So, I think those low-level, kind of everyday experiences that people have in their personal lives as well as in their work lives have been very influential in everyone is taking it seriously. I think the growing value of content, the need to protect your copyright or to protect a release, those things are very influential now for people who work in production.
And I think also this general question of trust is still a huge thing. I think people are just starting to ask themselves a bit more now about how can I replicate the relationship-based world that production has always been historically, in a connected digital environment?
And for a while, people in production particularly, just didn’t want to engage with that. I think their way of dealing with it was to try and avoid online, but now they know they can’t. There are too many things they need that are in that space. So, they are beginning to think a bit more about what it would take.

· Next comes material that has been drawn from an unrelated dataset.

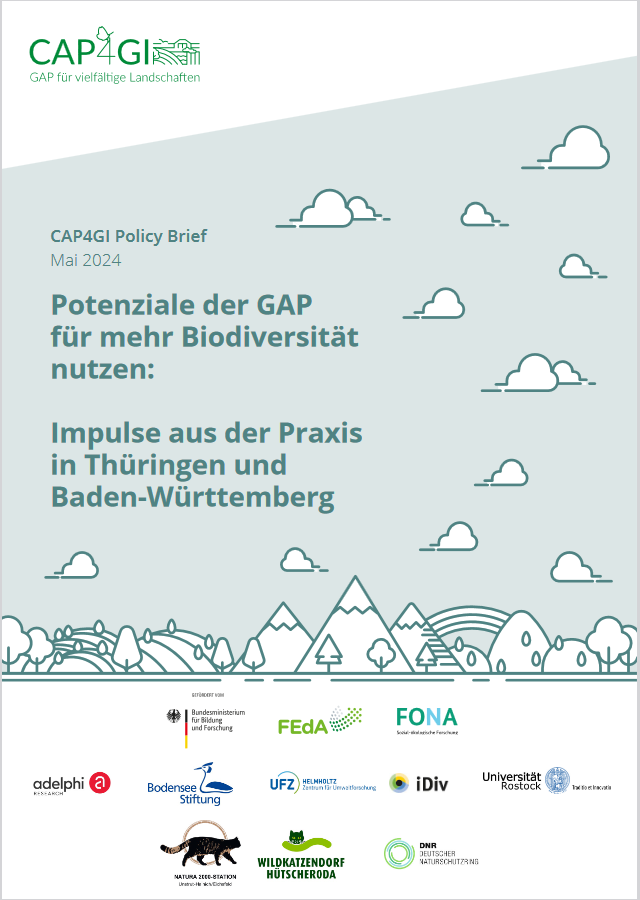 Neues #CAP4GI-Policy Brief! 🤩 Die Absenkung von Umweltstandards in der #GAP ist die falsche Antwort! Jetzt nötig: ✅Hemmnisse abbauen ✅Budgets für Öko-Regelungen und AUKM anheben ✅Angebot der Öko-Regelungen erweitern ✅Bonus für Mehrjährigkeit 🧵 👉cap4gi.de/system/files/d…👈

When you look at current projects the DPP is working on, what is most exciting to you?
The IMF work [for broadcast and online] is the most exciting and the most significant, because it’s the first time we have had a new mastering format across the whole industry, potentially, for decades.
It’s a fundamental reworking of workflows and it has the potential to apply a lot of the innovation of recent years — working in the cloud, IP, automation, AI and all these things — to a new business tool that is designed to enable content makers and providers to supply global markets.
So, it is not really an overstatement, I think, to say that IMF overall, in its movie and broadcast and online forms, is the enabler that is going to open up the global market for competition on a level playing field.
If you’ve got great content, then you can have the technological ability to get it out globally to different territories in relevant formats. It is going to take quite a while before we can say that; it could take a decade. But it is what it’s enabling, and then we will see. We will see who will really emerge strongly out of that.